Suddenly it seems that death is all around us — so many people have lost someone recently.
Then last week, a new friend I had only recently connected with through my coaching community tragically passed away at the tender young age of 28. He was an incredible man and on a powerful mission to end war in the world.
Such a tragic loss not just for his family and friends, but for the whole world.
So where do you even begin to comprehend and get through such life-changing losses in your world?
Yes, you can weep and cry your heart out. You can wail and scream. You can despair and give up. You can rage against the unfairness of it all.
And you can fear that it is the end of the world for you.

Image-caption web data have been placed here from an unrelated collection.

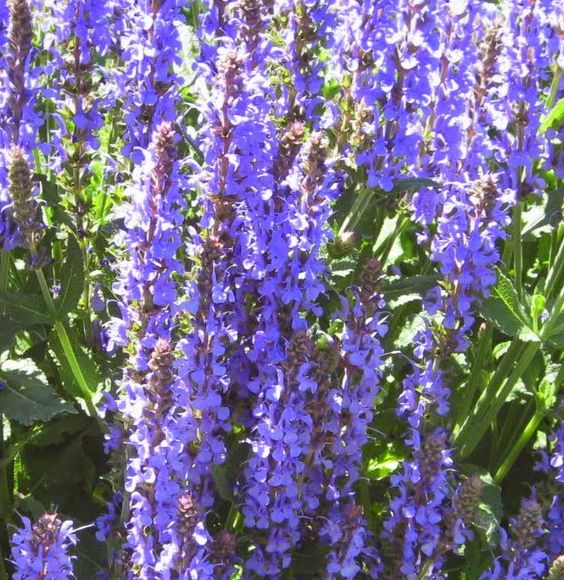 ... e Fiori di Salvia.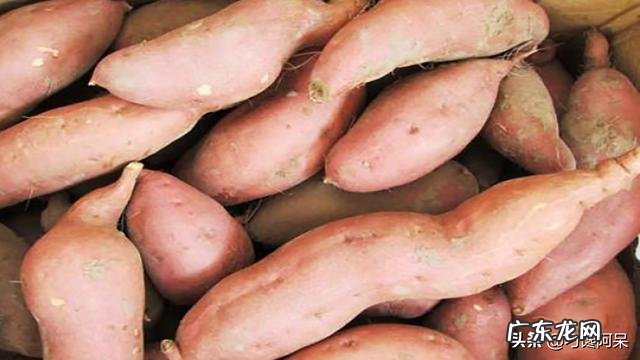 地瓜的吃法多吗?你最喜欢哪一种?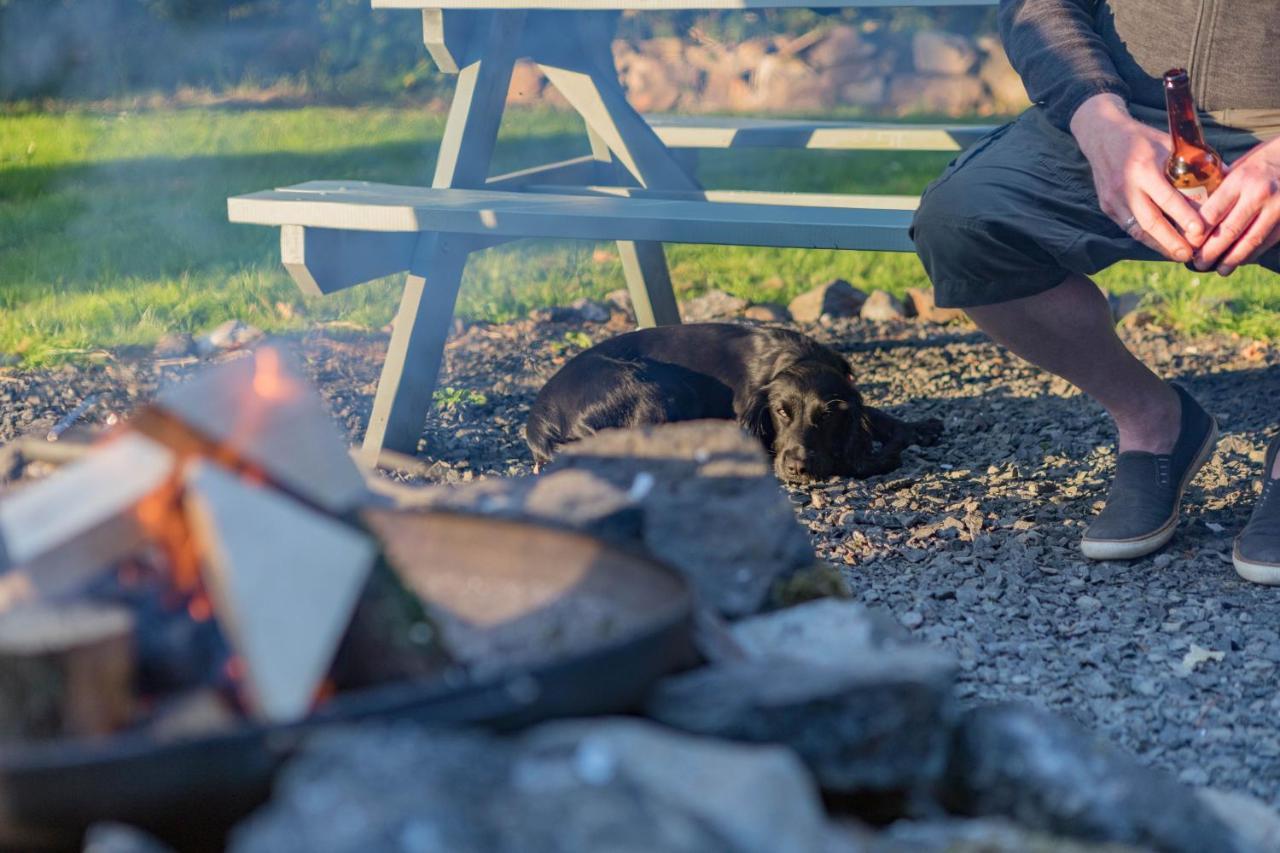 Duneden Belle Glamping Randalstown Dış mekan fotoğraf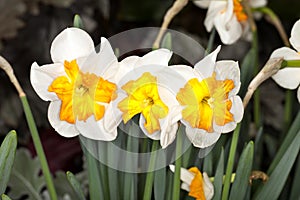 Split-corona Daffodil (Narcissus sp)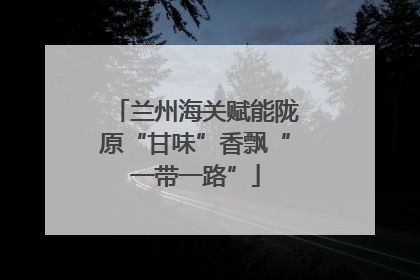 兰州海关赋能陇原“甘味”香飘“一带一路”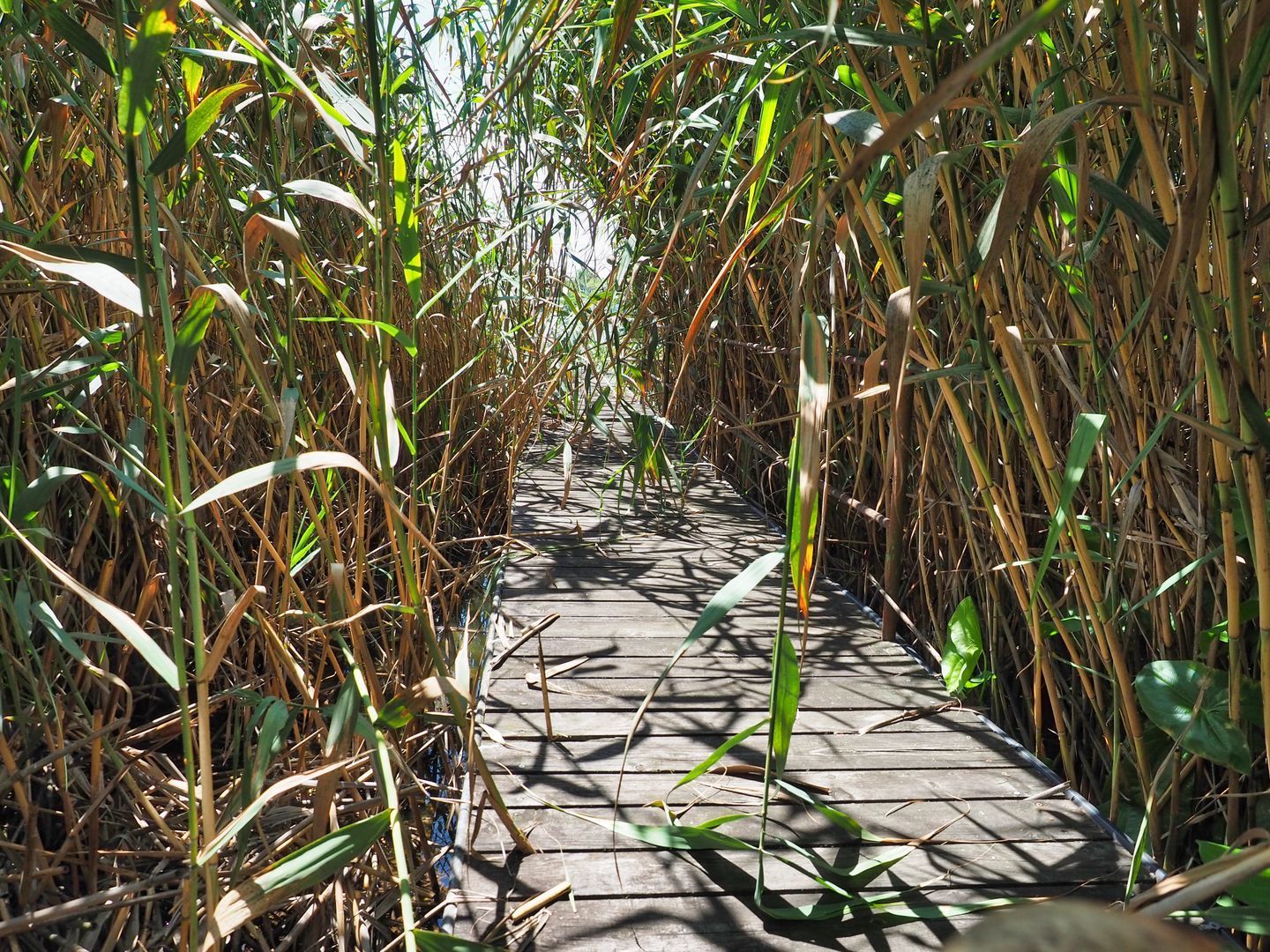 Vila 6 camere-teren 1800mp-Snagov Izvorani-lac - Poză 19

But then how do you start to live again?
They say that only if you have lost someone can you really understand and feel what those who have just lost someone is going through.
Has Your World Ever Changed Forever in Just a Few Seconds?
So there I was having just been told by my mother that my father was no longer with us.
And in those few seconds, my world changed forever.
I suddenly felt all alone in the world and that my own life had come to an end.
The following few hours and days after that fateful phone call are a haze — I blanked out most of that time as some kind of protective shield.
I remember very little of the following three months as I got into a hazy, stupor.
I got into auto-pilot mode, manically focussed on the practical things — organising the funeral, sorting out the estate and anything to avoid truly feeling my pain.
I was the rock for my mother, siblings and nephews.
Funerals are poignant, moving and timely reminders of the sanctity, sacredness and ultimate fragility of our lives. And my father’s funeral was all of these things and much more.
My brief eulogy at the funeral, carrying the coffin and meeting hundreds of relatives and friends at the funeral — all that was just a blurry haze amidst the driving rain that cold and dark wintry morning.
This eulogy was one of the hardest and most nerve-raking things I have ever done. I think I managed to say that my father’s greatest gift was his compassion and love for people.
Somehow I got through those initial few months but even now the sense of loss and sadness is acute.
Does One Ever Get Over The Loss of a Loved One?
Looking back, I just don’t know how I have got through that first year. And now incredibly it’s almost 10 years.
The years since have seemed so empty without my father. I terribly miss talking to him on the phone, visiting him and watching cricket together.
The loss felt most gut wrenching and painful — at the special occasions during the first year after his passing such as his birthday, my birthday, my parents wedding anniversary and Diwali and Christmas — it was then that his absence was the most painful.
Have You Ever Lost Someone in Tragic Circumstances?
Just a few months before I lost my father, my best friend Rodney committed suicide in the USA, just a week after he had spent a few days with me here in London.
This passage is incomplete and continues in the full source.